▶ Exercise requirements
Below, find the line containing "劳动教育课——手工彩泥制作" and the line containing "John Deere 8200 Traktorok"; reproduce exactly those two and every line between them, omitting pictures.

Materials provided START

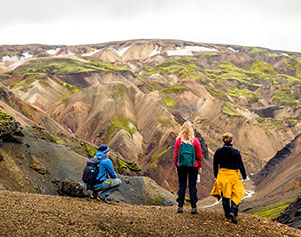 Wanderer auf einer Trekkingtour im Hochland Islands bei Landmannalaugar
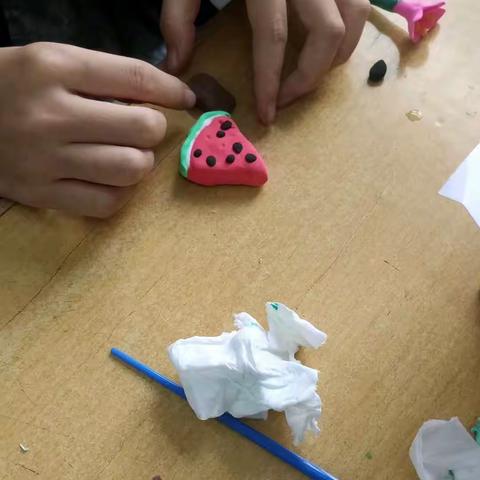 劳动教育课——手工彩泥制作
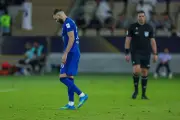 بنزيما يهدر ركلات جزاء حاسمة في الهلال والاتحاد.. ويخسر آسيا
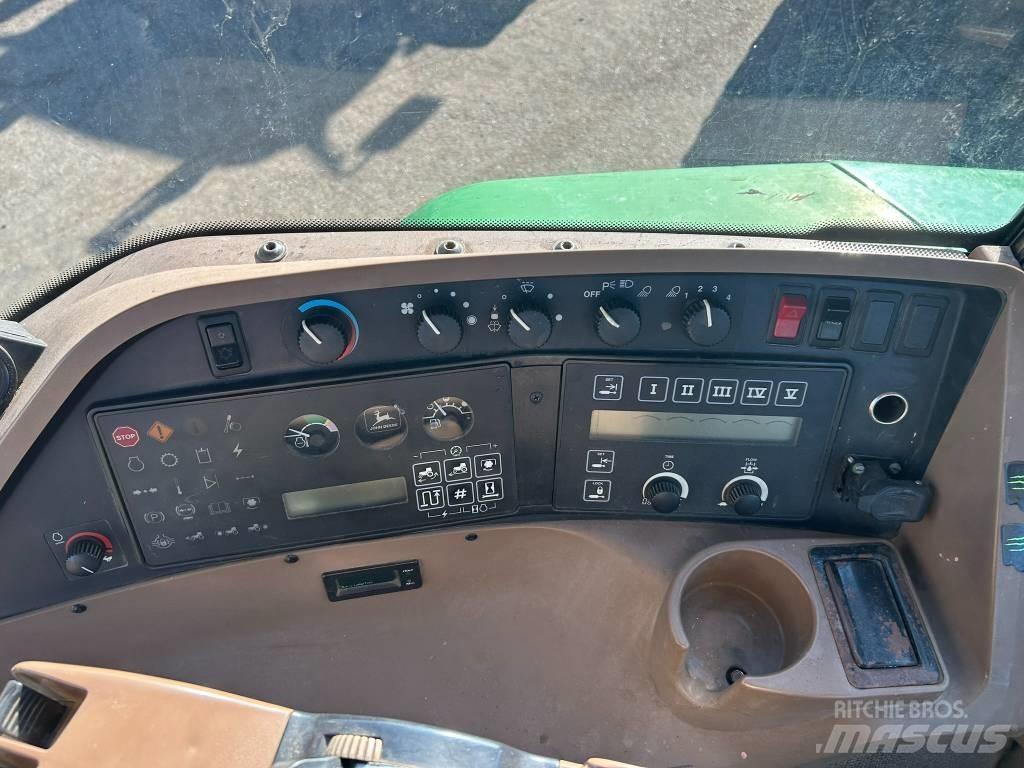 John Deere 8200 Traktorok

Materials provided END
Materials provided START

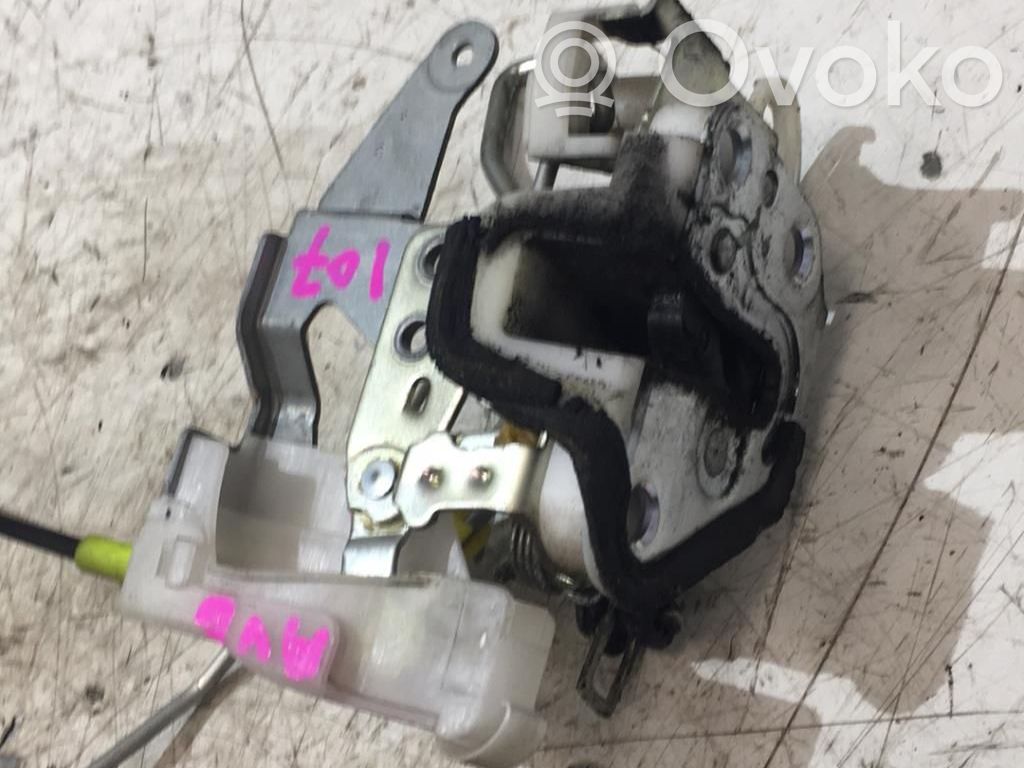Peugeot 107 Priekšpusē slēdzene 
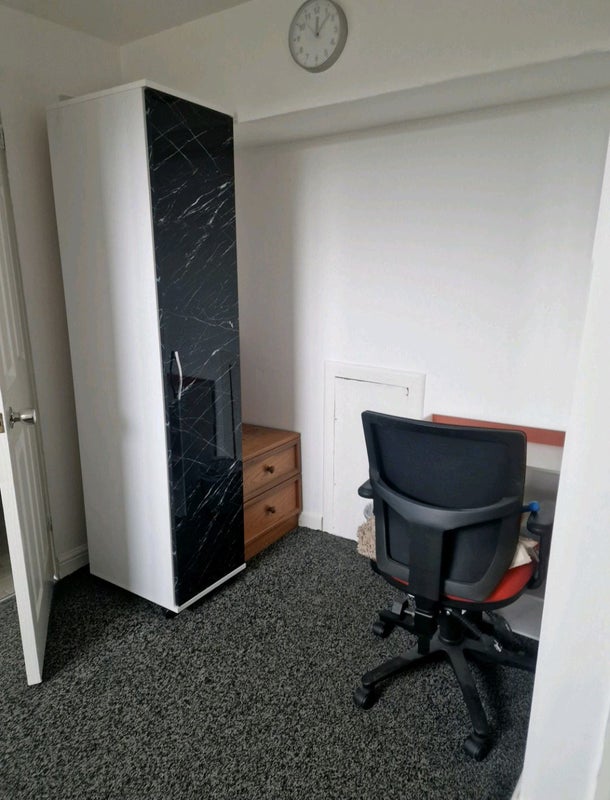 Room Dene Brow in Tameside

Materials provided END

▶ Completed exercise
 劳动教育课——手工彩泥制作
 بنزيما يهدر ركلات جزاء حاسمة في الهلال والاتحاد.. ويخسر آسيا
 John Deere 8200 Traktorok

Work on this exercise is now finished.